Komite Disiplin PSSI menjatuhkan sanksi berat kepada Persipura Jayapura berupa larangan menggelar pertandingan kandang dengan penonton selama semusim penuh pada 2026/2027 akibat kerusuhan suporter di Stadion Lukas Enembe, Jayapura, sebagaimana dilansir dari Detik Sport.
Hukuman tersebut diberikan setelah laga playoff promosi menuju Super League melawan Adhyaksa FC berakhir dengan kekalahan Persipura 0-1. Suporter yang kecewa kemudian merusak fasilitas stadion dan membakar kendaraan di area parkir.
Pihak manajemen Persipura Jayapura langsung merilis pernyataan sikap resmi untuk merespons keputusan tegas dari badan yudisial federasi sepak bola domestik tersebut.
"Kami memahami bahwa disiplin, keamanan, serta kepatuhan terhadap regulasi FIFA dan PSSI merupakan bagian penting dalam membangun sepakbola Indonesia yang lebih baik dan profesional," bunyi pernyataan Persipura.

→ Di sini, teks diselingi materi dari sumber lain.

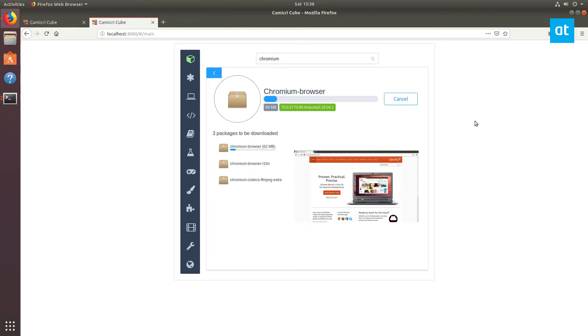This is going to download everything that I need. And it's downloading. It's going to take a bit.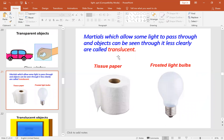The translucent or semi-transparent materials are materials which allow some light, not all light, to pass through them. Objects can be seen through them, but less clearly than through transparent objects — like thin tissue paper, frosted light bulbs, and frosted glass.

Manajemen klub berjulukan Mutiara Hitam itu menilai sanksi pengosongan stadion bukan jalan keluar terbaik, melainkan diperlukan pola pembinaan yang berkelanjutan bagi para pendukung.
"Yang tidak kalah penting ke depannya adalah edukasi dan sosialisasi berkelanjutan kepada para suporter, pendukung, serta penonton secara umum - membangun kesadaran yang lebih baik tentang bagaimana mendukung tim secara bertanggung jawab, menghormati regulasi, menjaga ketertiban, serta saling menjaga satu sama lain selama pertandingan berlangsung. Budaya disiplin dalam sepakbola tidak dapat dibangun hanya melalui hukuman semata, tetapi juga melalui pembinaan, komunikasi, dan rasa tanggung jawab bersama."

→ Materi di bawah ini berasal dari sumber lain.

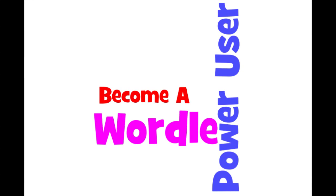Hello and welcome Wordle lovers. Today I'm going to show you how to be a power user of Wordle, specifically using Wordle Advanced in a spreadsheet so that you can give Wordle more flexibility and power.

Persipura juga menekankan komitmennya untuk mengarahkan basis masa pendukung mereka agar dapat menciptakan iklim pertandingan yang jauh lebih kondusif dan aman ke depan.
"Persipura percaya bahwa para pendukung memiliki kecintaan dan semangat yang besar terhadap klub ini. Dengan arahan yang tepat, koordinasi yang lebih baik, serta rasa tanggung jawab bersama, kami percaya kita dapat menciptakan atmosfer sepakbola yang lebih sehat, aman, tertib, dan disiplin, yang benar-benar mencerminkan semangat sepakbola Indonesia."
Sanksi tanpa kehadiran penonton ini dipastikan memperberat kondisi finansial Persipura pada musim 2026/2027 akibat hilangnya pendapatan tiket dan potensi penurunan minat sponsor. Manajemen berharap ada kerja sama nyata dengan federasi untuk melakukan pembinaan komunitas.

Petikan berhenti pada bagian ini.